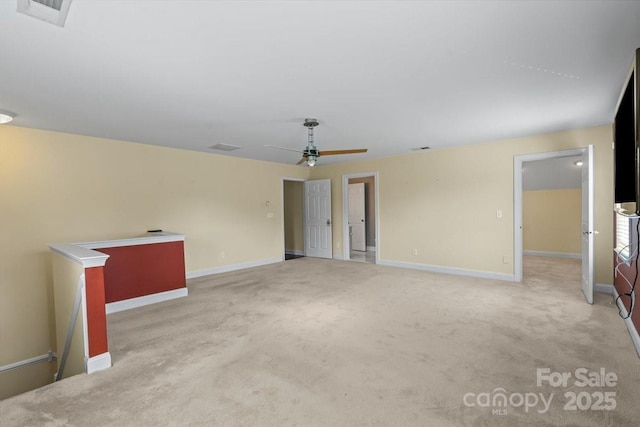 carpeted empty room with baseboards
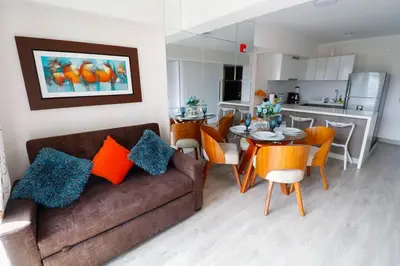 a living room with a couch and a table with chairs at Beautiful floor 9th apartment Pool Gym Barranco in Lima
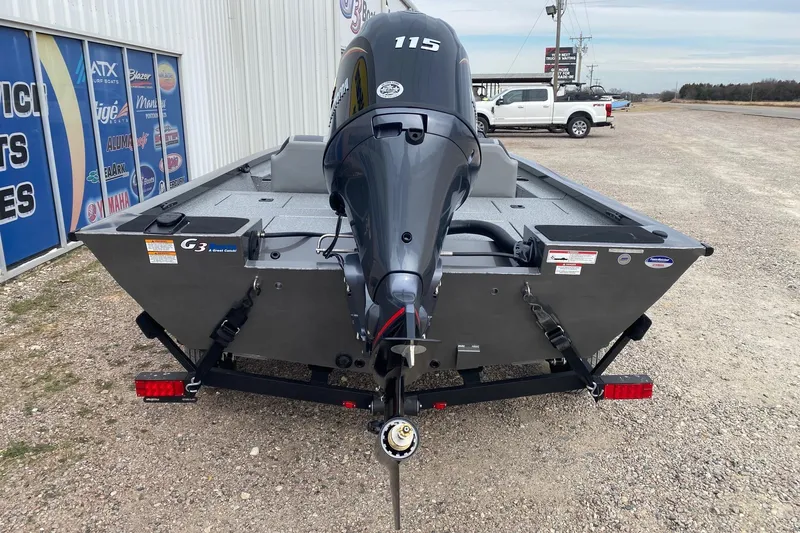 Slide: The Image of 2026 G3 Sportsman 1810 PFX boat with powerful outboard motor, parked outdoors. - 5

## Goal of the exercise:
Transcribe the material exactly, keeping every word and none of the pictures.

## Answer box:
 carpeted empty room with baseboards
 a living room with a couch and a table with chairs at Beautiful floor 9th apartment Pool Gym Barranco in Lima
 Slide: The Image of 2026 G3 Sportsman 1810 PFX boat with powerful outboard motor, parked outdoors. - 5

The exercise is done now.